Lunch shaming is when kids who can’t pay for school lunch get punished, called out or embarrassed because their parents can’t or don’t pay.
In some cases, lunch shaming may include banning a child from extra curricular activities, like sports or prom.
“It’s a very embarrassing experience. I witnessed it happen to a couple kids and they ran out of the lunch room and started crying,” said one teen.
The children who wrote letters to Governor Phil Murphy all belong to Rays of Hope, a youth group out of Freehold.
“We shouldn’t be penalized for not having enough money,” said Alina Dezoysa, 16.
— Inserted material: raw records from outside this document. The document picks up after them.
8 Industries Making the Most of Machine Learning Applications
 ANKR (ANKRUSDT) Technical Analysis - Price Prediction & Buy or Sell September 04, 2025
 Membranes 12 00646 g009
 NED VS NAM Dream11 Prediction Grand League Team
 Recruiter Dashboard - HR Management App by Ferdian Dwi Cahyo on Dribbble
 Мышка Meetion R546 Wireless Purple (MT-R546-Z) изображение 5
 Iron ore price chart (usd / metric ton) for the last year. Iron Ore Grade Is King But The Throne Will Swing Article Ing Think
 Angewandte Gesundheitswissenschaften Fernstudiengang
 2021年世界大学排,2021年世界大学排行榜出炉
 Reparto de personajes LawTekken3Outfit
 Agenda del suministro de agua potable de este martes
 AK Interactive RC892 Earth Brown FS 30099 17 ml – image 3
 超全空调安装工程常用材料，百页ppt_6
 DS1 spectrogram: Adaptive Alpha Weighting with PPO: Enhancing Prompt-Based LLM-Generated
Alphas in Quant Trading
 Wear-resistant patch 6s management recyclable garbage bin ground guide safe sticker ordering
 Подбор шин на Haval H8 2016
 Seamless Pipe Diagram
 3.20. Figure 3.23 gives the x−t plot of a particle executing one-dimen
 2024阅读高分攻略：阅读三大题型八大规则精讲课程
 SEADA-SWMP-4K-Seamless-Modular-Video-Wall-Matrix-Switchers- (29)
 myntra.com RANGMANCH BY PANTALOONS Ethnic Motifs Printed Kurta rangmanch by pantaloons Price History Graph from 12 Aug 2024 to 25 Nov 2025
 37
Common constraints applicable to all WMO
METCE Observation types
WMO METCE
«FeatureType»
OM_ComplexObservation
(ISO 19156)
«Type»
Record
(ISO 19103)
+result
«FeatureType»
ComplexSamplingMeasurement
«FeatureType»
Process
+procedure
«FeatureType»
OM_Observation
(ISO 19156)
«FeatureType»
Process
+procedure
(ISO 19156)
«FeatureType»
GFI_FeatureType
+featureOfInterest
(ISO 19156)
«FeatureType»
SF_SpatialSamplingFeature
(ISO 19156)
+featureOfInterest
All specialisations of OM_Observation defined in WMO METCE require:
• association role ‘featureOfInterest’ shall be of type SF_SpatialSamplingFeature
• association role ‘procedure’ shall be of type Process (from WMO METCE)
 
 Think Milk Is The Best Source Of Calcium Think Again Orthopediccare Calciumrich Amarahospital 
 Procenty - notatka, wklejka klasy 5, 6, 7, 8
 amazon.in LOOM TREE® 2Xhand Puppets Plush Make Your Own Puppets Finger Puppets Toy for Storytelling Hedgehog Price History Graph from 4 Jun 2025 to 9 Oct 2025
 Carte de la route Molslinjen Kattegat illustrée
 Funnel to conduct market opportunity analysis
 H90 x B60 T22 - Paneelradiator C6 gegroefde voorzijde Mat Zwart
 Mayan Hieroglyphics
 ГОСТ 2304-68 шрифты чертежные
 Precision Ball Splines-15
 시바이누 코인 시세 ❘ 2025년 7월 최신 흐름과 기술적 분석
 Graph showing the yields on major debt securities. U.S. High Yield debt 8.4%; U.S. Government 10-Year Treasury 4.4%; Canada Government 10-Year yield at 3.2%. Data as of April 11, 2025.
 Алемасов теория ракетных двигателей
The children also examined the policies of 10 New Jersey school districts and found that serving an alternate lunch or reporting parents to the Department of Social Services were common practices.
A cover letter to the Governor from Rays of Hope Director Lisa Richardson Hall stated: “Our school districts are basically criminalizing poverty and shaming poor families.”
The kids sent these letters on October 14th and so far they have not heard back. One of them also called and requested a face-to-face meeting with the Governor to talk about lunch shaming.
“We’re really hoping we do get a response because it’s a serious topic and a serious issue that a lot of children deal with,” said Sana Doctor-Bentley, 16.
PIX11 also reached out to the Governors office for comment:
“Governor Murphy stands ready to work with the Legislature to protect students from needless shaming or punishment for school lunch debt,” a spokesperson said. “He encourages all districts to avoid policies that are contrary to the mission of providing safe and nurturing environments for children while in school.”